** Opening GIVEN DATA block **

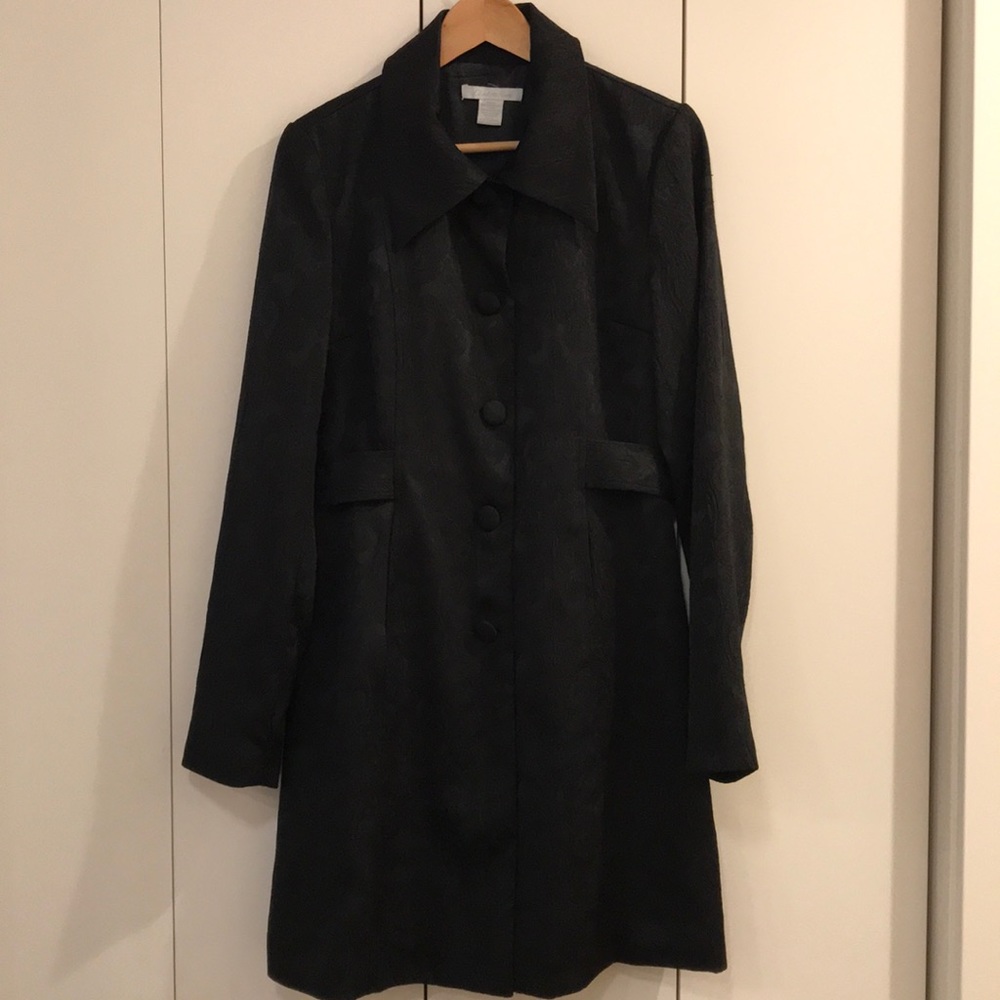 Black satin paisley dress coat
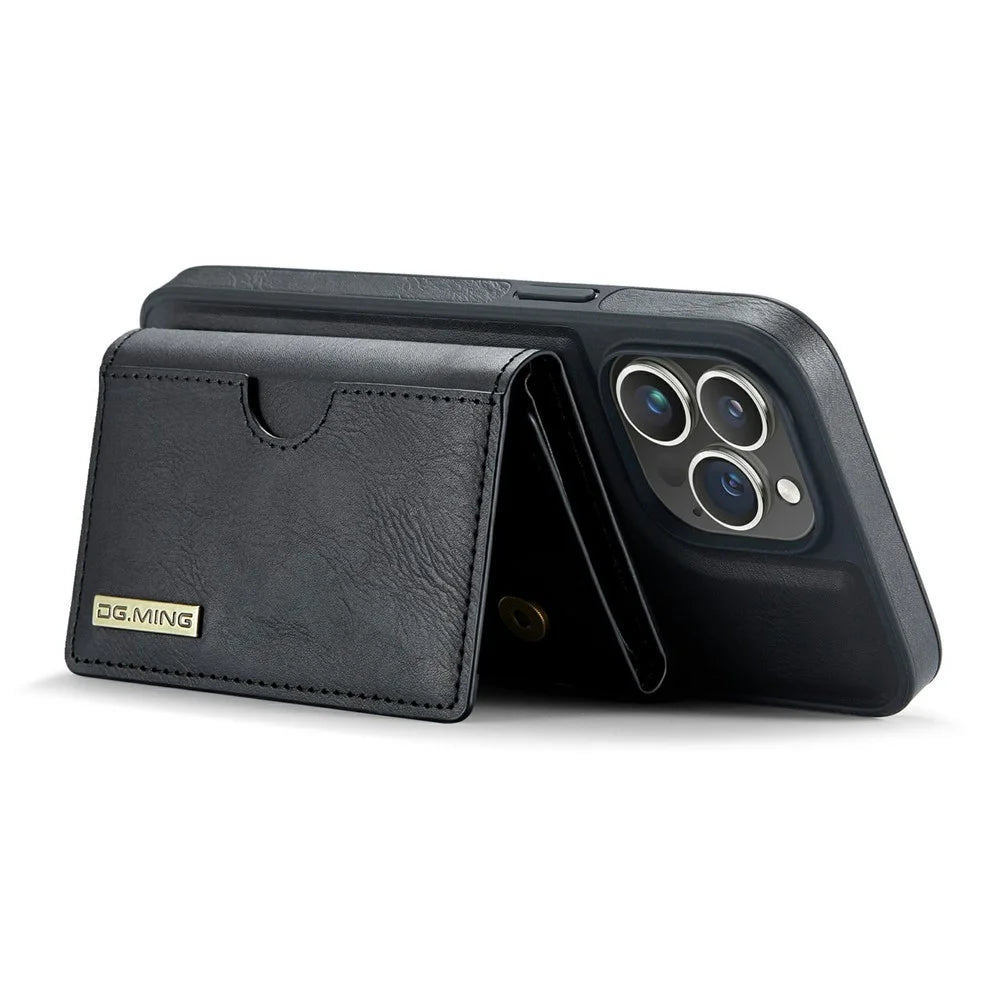 DG.MING M6 Series For iPhone 13 Pro Max Case Magnetic Wallet PU+PC+TPU Phone Cover - Black - 4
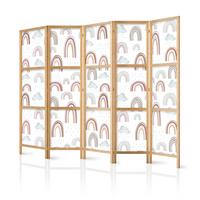 PARAVENT Japanischer 5-tlg 225x172 cm Regenb gen Wolken - Multicolor, Holz/Textil (225/172/3cm) - Muralo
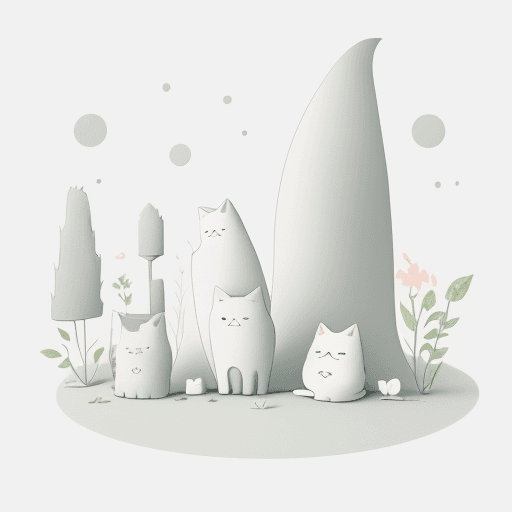 AI generated: A cute [ cat ] clipart, organic forms, in the style of Jon Klassen, desaturated light and airy paste...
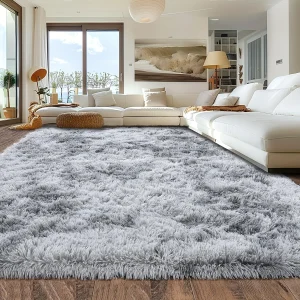 Fluffy tie-dyed gray carpet, suitable for living room, bedroom, upgraded non-slip
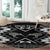 Personalised Taniko Motifs Aotearoa Round Carpet Waitangi Kowhaiwhai Kiwi - Monochrome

** Closing GIVEN DATA block **

PROBLEM TO WORK ON:
Please give the entries again word for word, without any pictures.

FINAL ANSWER:
 Black satin paisley dress coat
 DG.MING M6 Series For iPhone 13 Pro Max Case Magnetic Wallet PU+PC+TPU Phone Cover - Black - 4
 PARAVENT Japanischer 5-tlg 225x172 cm Regenb gen Wolken - Multicolor, Holz/Textil (225/172/3cm) - Muralo
 AI generated: A cute [ cat ] clipart, organic forms, in the style of Jon Klassen, desaturated light and airy paste...
 Fluffy tie-dyed gray carpet, suitable for living room, bedroom, upgraded non-slip
 Personalised Taniko Motifs Aotearoa Round Carpet Waitangi Kowhaiwhai Kiwi - Monochrome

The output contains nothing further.